Comparison Study of Osteoblast Cells Adhesion on the 3D-printed Scaffolds

Objectives: The polymeric scaffolds were fabricated from polycaprolactone through 3D printing. The surface of the scaffolds was coated with the mixture of hydroxyapatite (HA) and β-tricalcium phosphate (β-TCP) to increase the mechanical properties, cell proliferation, and adhesion of the scaffolds.
Methods: The printing parameters were optimized and PCL scaffolds were 3D-printed. A facile and high-performance approach was developed to coat the surface of PCL scaffolds with a slurry mixture of β-TCP and HA using hydrostatic pressure. A 2-ml cylindrical reservoir was used for coating β-TCP and HA slurry with the concentration of 60 % wt. and kept under pressure at 65 C for an hour. The biocompatibility, cell proliferation, and differentiation of scaffolds were investigated by culturing the osteoblast cells on the coated scaffolds.

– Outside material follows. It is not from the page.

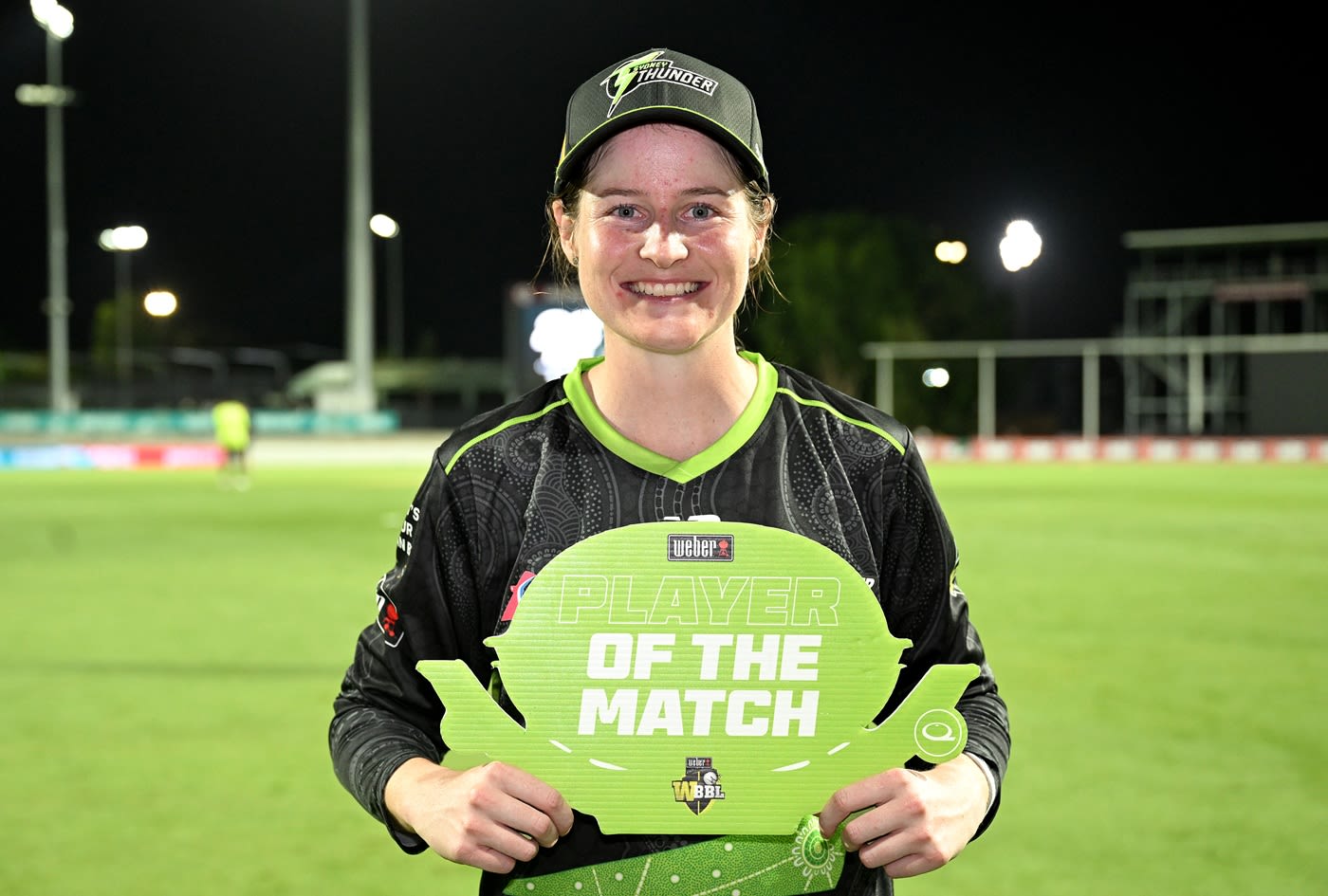 Tahlia Wilson powered Sydney Thunder to 200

Results: The results revealed that the scaffolds were completely coated with the mixture of β-TCP and HA slurry. The surface roughness measurements showed that the coated scaffolds possess more roughness for cell adhesion compared to the uncoated scaffolds. The mechanical properties of uncoated and coated scaffolds revealed that the modulus of the coated scaffolds significantly increased. The cell culture results showed that adhesion and proliferation of osteoblast cells significantly improved while using a coated scaffold in the presence of HA. The alkaline phosphate (ALP) assay displayed a gradual increase in ALP activity at each time point (days 7, 14, 21). These results also signify a higher osteogenic differentiation capacity for the coated scaffolds with HA. A Presto blue cell proliferation assay confirmed the superiority of coated scaffolds compared to controls at each time point tested (days 7, 14, 21), as well as a gradual increase across time points.
Conclusions: The obtained experimental results ascertain that coating the surface of scaffolds with a mixture of β-TCP and HA slurry shows high potential application for bone tissue engineering.